Repeat all of the data exactly. Leave nothing out.

(EXTRACTED RECORDS Opens)

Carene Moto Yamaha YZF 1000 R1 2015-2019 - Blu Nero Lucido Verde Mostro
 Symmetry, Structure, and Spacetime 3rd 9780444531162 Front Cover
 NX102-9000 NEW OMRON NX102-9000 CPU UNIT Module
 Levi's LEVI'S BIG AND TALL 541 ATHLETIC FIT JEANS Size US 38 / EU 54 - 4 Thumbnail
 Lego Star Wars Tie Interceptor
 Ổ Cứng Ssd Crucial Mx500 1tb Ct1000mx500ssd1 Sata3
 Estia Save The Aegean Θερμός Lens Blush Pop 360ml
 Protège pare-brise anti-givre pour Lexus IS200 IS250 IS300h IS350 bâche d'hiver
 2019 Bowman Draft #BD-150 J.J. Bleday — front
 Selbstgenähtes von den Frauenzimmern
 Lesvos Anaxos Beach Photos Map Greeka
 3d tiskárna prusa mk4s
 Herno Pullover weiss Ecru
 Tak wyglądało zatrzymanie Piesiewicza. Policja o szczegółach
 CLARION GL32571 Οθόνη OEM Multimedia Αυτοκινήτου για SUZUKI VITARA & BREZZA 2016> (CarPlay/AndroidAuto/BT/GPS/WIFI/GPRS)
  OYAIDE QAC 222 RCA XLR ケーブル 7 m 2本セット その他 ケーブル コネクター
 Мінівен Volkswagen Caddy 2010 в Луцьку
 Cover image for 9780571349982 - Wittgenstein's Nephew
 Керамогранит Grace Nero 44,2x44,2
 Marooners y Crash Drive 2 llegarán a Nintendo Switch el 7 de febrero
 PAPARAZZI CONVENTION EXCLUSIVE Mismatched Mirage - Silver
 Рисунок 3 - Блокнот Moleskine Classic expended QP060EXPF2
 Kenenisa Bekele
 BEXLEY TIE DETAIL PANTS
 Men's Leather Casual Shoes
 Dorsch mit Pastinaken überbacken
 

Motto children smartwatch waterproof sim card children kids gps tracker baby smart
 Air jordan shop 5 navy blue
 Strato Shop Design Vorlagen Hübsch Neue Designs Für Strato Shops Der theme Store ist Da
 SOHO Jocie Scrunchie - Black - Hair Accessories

(EXTRACTED RECORDS Closes)

#### WRITTEN ANSWER
Carene Moto Yamaha YZF 1000 R1 2015-2019 - Blu Nero Lucido Verde Mostro
 Symmetry, Structure, and Spacetime 3rd 9780444531162 Front Cover
 NX102-9000 NEW OMRON NX102-9000 CPU UNIT Module
 Levi's LEVI'S BIG AND TALL 541 ATHLETIC FIT JEANS Size US 38 / EU 54 - 4 Thumbnail
 Lego Star Wars Tie Interceptor
 Ổ Cứng Ssd Crucial Mx500 1tb Ct1000mx500ssd1 Sata3
 Estia Save The Aegean Θερμός Lens Blush Pop 360ml
 Protège pare-brise anti-givre pour Lexus IS200 IS250 IS300h IS350 bâche d'hiver
 2019 Bowman Draft #BD-150 J.J. Bleday — front
 Selbstgenähtes von den Frauenzimmern
 Lesvos Anaxos Beach Photos Map Greeka
 3d tiskárna prusa mk4s
 Herno Pullover weiss Ecru
 Tak wyglądało zatrzymanie Piesiewicza. Policja o szczegółach
 CLARION GL32571 Οθόνη OEM Multimedia Αυτοκινήτου για SUZUKI VITARA & BREZZA 2016> (CarPlay/AndroidAuto/BT/GPS/WIFI/GPRS)
  OYAIDE QAC 222 RCA XLR ケーブル 7 m 2本セット その他 ケーブル コネクター
 Мінівен Volkswagen Caddy 2010 в Луцьку
 Cover image for 9780571349982 - Wittgenstein's Nephew
 Керамогранит Grace Nero 44,2x44,2
 Marooners y Crash Drive 2 llegarán a Nintendo Switch el 7 de febrero
 PAPARAZZI CONVENTION EXCLUSIVE Mismatched Mirage - Silver
 Рисунок 3 - Блокнот Moleskine Classic expended QP060EXPF2
 Kenenisa Bekele
 BEXLEY TIE DETAIL PANTS
 Men's Leather Casual Shoes
 Dorsch mit Pastinaken überbacken
 

Motto children smartwatch waterproof sim card children kids gps tracker baby smart
 Air jordan shop 5 navy blue
 Strato Shop Design Vorlagen Hübsch Neue Designs Für Strato Shops Der theme Store ist Da
 SOHO Jocie Scrunchie - Black - Hair Accessories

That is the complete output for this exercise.